There is even a movement which is gaining popularity to remove certain punishments in schools and instead replace them with Yoga. Why? Because children who have trouble following instruction don’t need to sit more, they need to move, they need physical activity with releases pent-up energy and aggression, and calms their minds. And they often need attention which is positive versus being scolded and told they’re bad.
One of the great benefits to doing a routine physical activity is mood improvement. We have chemical warehouses in our colon and brain and who knows where elsewhich respond to movement. It doesn’t matter if you walk, dance,run, walk, perform Tai chi or qi gong, or ride your bike. Any of them are going to make you happier overall.

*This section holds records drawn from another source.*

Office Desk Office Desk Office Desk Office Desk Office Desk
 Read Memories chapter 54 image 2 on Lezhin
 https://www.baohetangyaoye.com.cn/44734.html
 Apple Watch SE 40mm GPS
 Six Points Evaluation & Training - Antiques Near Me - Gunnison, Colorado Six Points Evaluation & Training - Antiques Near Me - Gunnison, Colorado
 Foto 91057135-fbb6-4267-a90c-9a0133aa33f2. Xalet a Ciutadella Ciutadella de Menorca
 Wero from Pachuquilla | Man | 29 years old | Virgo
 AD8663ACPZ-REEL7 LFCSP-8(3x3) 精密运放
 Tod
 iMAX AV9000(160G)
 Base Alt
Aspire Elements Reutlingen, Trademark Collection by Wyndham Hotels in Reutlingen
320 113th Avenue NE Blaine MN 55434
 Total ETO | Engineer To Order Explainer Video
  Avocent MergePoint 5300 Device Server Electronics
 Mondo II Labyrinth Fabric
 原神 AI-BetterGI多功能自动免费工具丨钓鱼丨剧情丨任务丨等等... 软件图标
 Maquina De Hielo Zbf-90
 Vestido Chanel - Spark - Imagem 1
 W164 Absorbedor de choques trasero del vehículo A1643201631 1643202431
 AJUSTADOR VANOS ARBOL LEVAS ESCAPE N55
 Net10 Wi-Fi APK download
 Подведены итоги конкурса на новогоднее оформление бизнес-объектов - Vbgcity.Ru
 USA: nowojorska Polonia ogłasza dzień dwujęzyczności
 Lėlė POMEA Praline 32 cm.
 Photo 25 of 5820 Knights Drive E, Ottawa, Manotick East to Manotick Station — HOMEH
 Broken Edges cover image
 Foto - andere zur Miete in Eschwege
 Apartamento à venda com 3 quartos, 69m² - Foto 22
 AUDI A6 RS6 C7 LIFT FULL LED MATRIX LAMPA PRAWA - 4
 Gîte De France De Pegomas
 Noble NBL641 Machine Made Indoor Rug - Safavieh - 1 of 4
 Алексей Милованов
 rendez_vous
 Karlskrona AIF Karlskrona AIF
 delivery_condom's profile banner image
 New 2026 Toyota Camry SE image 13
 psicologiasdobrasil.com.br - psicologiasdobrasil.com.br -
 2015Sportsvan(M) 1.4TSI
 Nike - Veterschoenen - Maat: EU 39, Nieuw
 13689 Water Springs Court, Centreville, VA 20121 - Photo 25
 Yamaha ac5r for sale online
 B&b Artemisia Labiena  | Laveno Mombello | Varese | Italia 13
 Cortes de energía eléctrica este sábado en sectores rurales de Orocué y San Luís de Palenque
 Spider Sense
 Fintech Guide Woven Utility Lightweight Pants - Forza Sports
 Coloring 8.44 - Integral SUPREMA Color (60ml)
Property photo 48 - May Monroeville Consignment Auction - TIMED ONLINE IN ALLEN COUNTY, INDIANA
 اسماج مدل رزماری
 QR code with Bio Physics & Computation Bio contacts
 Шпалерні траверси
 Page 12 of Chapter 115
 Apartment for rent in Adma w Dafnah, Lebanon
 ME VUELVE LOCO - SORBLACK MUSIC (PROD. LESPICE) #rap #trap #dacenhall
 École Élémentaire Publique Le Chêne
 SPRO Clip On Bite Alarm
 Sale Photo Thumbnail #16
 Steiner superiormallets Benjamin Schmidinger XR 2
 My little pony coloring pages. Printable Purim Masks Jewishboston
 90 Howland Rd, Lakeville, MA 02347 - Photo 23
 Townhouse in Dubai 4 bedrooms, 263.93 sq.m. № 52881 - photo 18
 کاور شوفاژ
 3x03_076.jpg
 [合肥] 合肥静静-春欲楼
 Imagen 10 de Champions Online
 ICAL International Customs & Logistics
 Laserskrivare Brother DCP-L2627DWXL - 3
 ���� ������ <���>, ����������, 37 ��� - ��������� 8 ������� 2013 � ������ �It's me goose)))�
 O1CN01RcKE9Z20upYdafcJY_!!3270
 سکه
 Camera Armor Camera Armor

Our bodies were designed for movement and probably think that we must be dying if we’re lying around too much! It cannot be coincidental that every culture has a movement program of some kind or is expected to do hard physical work to survive.
We have seen the painful side effects of eating over processed foods and being too sedentary. The young people in our society are suffering from diseases like type two diabetes at very young ages Too many of them are on medications to keep their minds focused, versus keeping their minds engaged and actively seeking out knowledge.
In fact, were spending billions of dollars on sickness from these issues. So, I find it ironic that the headlines are filled with new scientifically proven theories about how movement is medicine when we’ve really known it all along. We only had to listen.